--- TASK INPUT ---

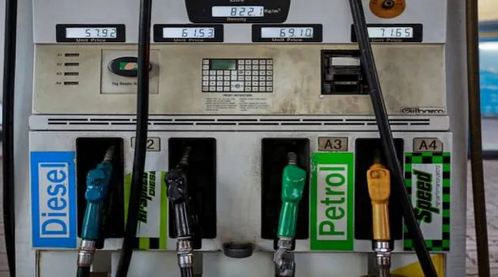 पेट्रोल में 77 रुपए और डीजल में 55 रुपए की बढ़ोत्तरी, IOC के बाद यहां CPC ने भी बढ़ाई कीमतें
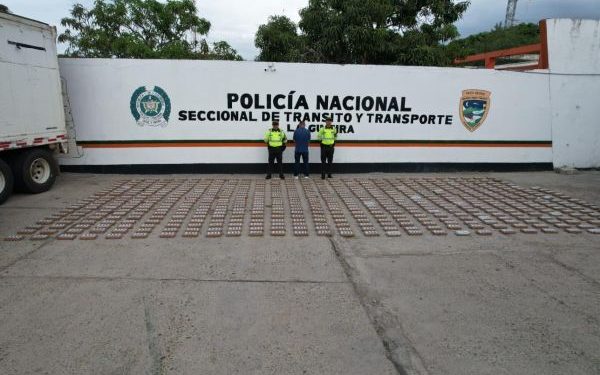 Golpe al narcotráfico en La Guajira: incautados más de 570 kilos de cocaína en vía nacional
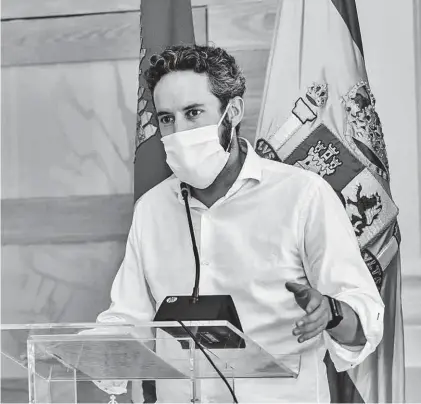  ??  ?? Andrés Licerán, este viernes, en su comparecen­cia tras la celebració­n de la junta local de gobierno.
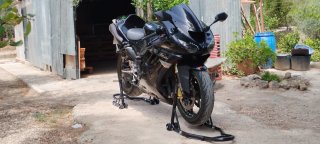 Kawasaki ZX10R Negra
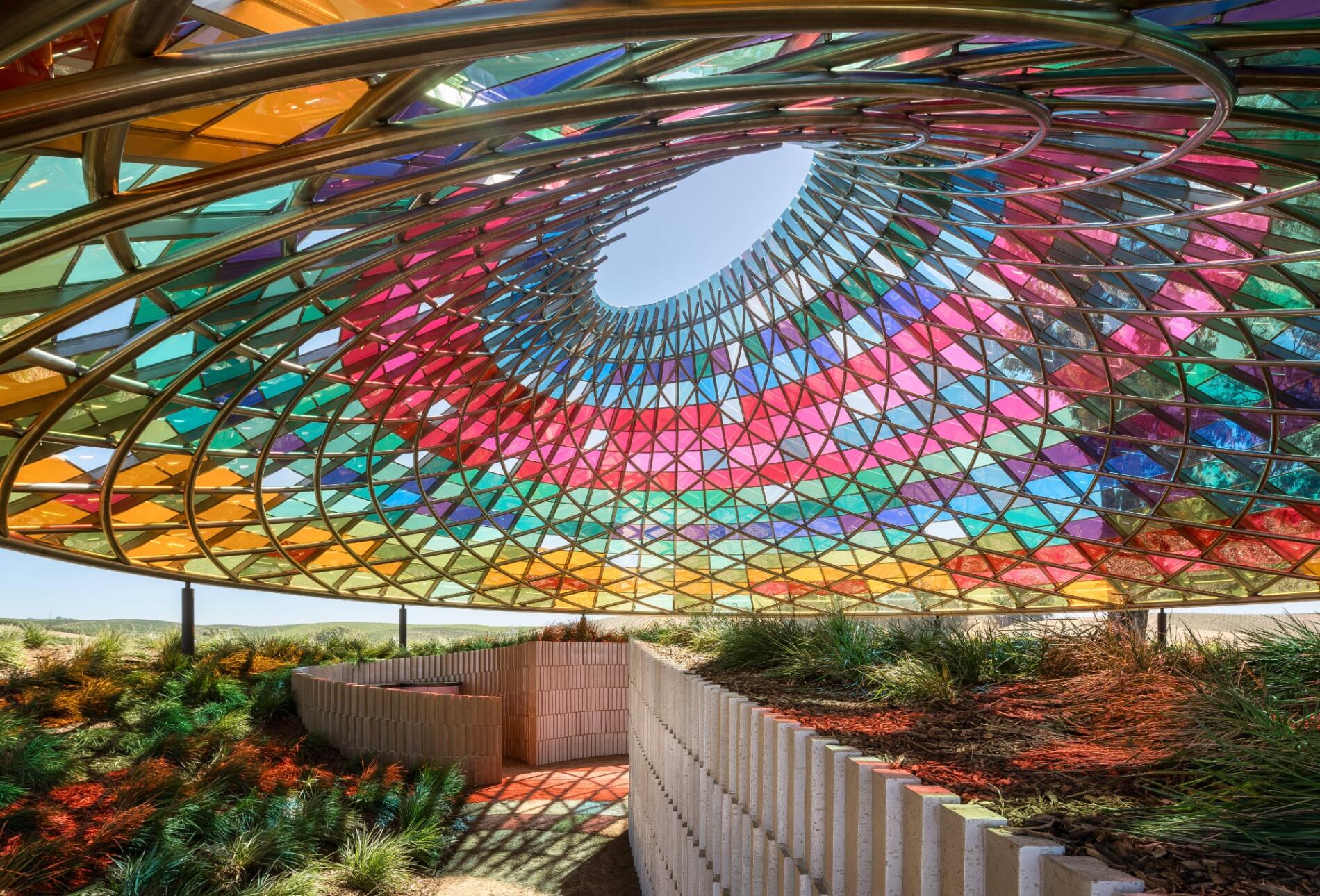 Vertical Panorama Pavilion escyltura de cristal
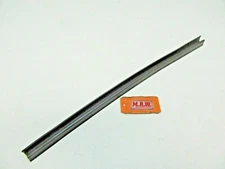 DOOR PANEL DOOR GLASS WINDOW SEAL RH FRONT TOP INNER INSIDE BELT MOLDING TRIBUTE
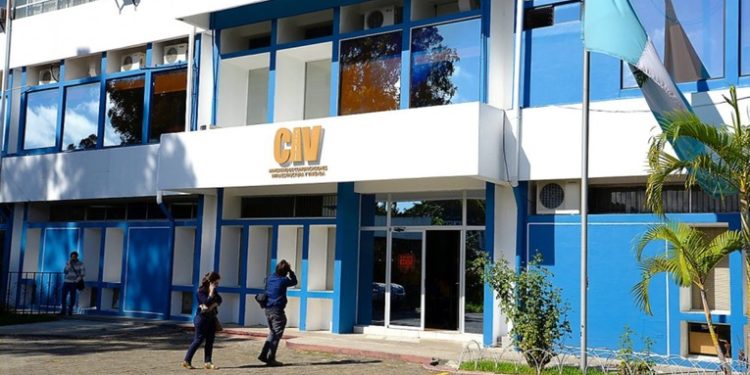 Ministerio de Comunicaciones pide ampliación presupuestaria y enfrenta solicitud de auditoría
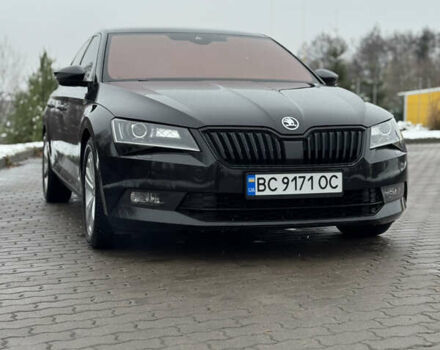 Черный Шкода Суперб, объемом двигателя 1.97 л и пробегом 190 тыс. км за 30499 $, фото 2 на Automoto.ua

---

- [TASK PROMPT]:
Although the records contain pictures, your copy should hold only the text, reproduced exactly.

- [ANSWER]:
 पेट्रोल में 77 रुपए और डीजल में 55 रुपए की बढ़ोत्तरी, IOC के बाद यहां CPC ने भी बढ़ाई कीमतें
 Golpe al narcotráfico en La Guajira: incautados más de 570 kilos de cocaína en vía nacional
  ??  ?? Andrés Licerán, este viernes, en su comparecen­cia tras la celebració­n de la junta local de gobierno.
 Kawasaki ZX10R Negra
 Vertical Panorama Pavilion escyltura de cristal
 DOOR PANEL DOOR GLASS WINDOW SEAL RH FRONT TOP INNER INSIDE BELT MOLDING TRIBUTE
 Ministerio de Comunicaciones pide ampliación presupuestaria y enfrenta solicitud de auditoría
 Черный Шкода Суперб, объемом двигателя 1.97 л и пробегом 190 тыс. км за 30499 $, фото 2 на Automoto.ua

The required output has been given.